Compression methods of this class cannot allow the loss of information, therefore they are based only on eliminating its redundancy, and information has redundancy almost always (though, if someone has not compressed it before). If there were no redundancy, there would be nothing to compress.

Here's a simple example. In Russian there are 33 letters, ten numbers and about a dozen or so punctuation marks and other special characters. For the text that is written only in uppercase Russian letters(as in telegrams and radiograms) sixty different values would be enough. However, each character is usually encoded by a byte that contains 8 bits and can express 256 different codes. This is the first reason for redundancy. For our "telegraphic" text, six bits per character would be enough.

Here's another example.
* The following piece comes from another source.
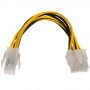 Akyga AK-CA-10 καλώδιο αντάπτορα τροφοδοσίας ATX P4 4-pin (M) σε EPS 8-pin (F), 15 cm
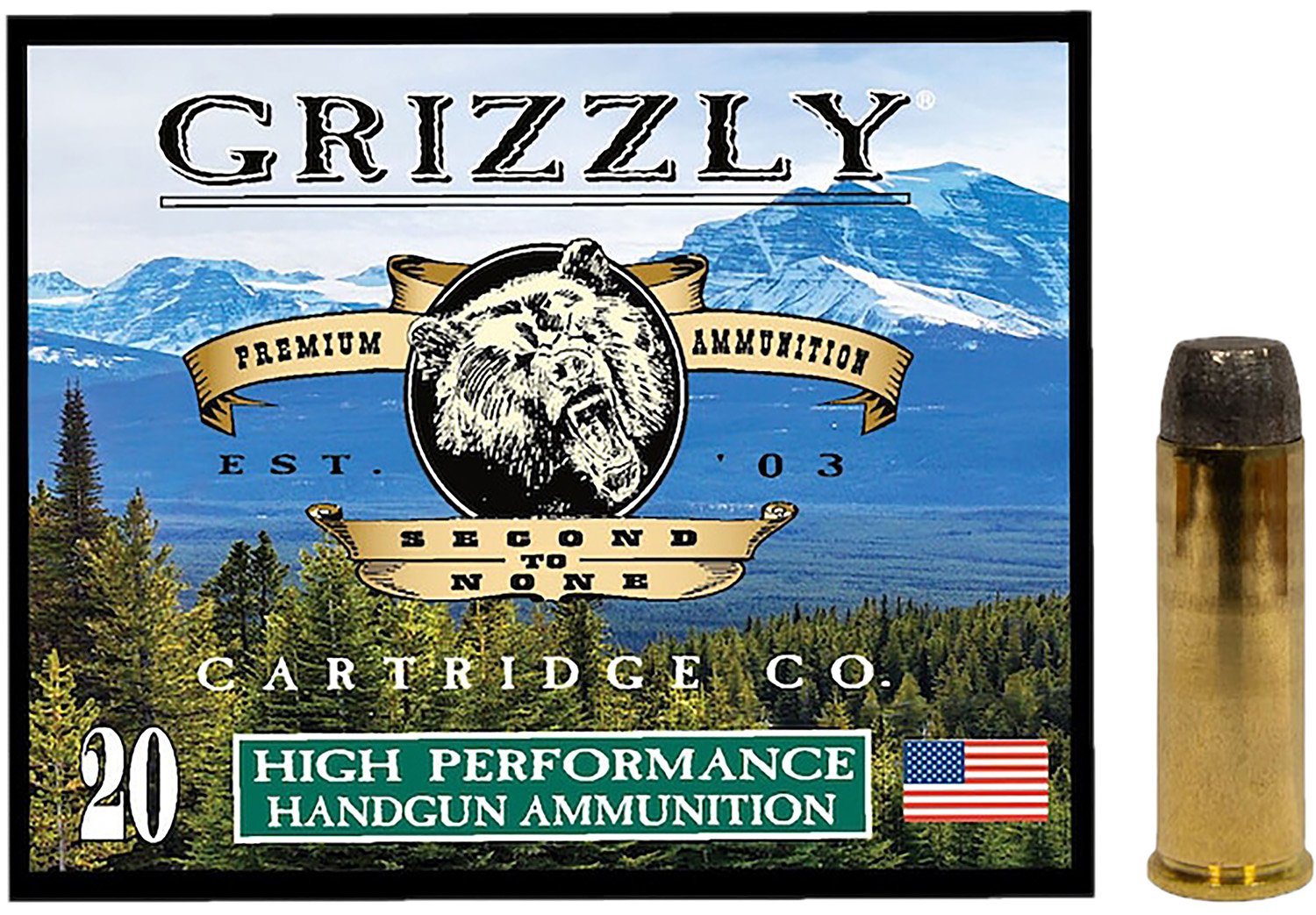 GRIZZLY GC41M4 41 Remington Mag 250gr WFN Gas Check 20/Box - GRIZZLY - 41 Rem Mag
International character encoding ASCII to encode any character, the same number of bits are allocated (8), while everyone has long known well that it makes sense to encode the most common characters with fewer characters. So, for example, in the "Morse code" the letters "E" and "T", which are often found, are encoded by one character (respectively, a dot and a dash). And such rare letters as "U" (- -) and "C" (- -) are encoded with four characters. Inefficient encoding is the second reason for redundancy. Programs that perform information compression can enter their own encoding (different for different files) and assign a table (dictionary) to the compressed file, from which the unpacking program finds out how certain characters or their groups are encoded in this file. Algorithms based on information transcoding are called Huffman algorithms.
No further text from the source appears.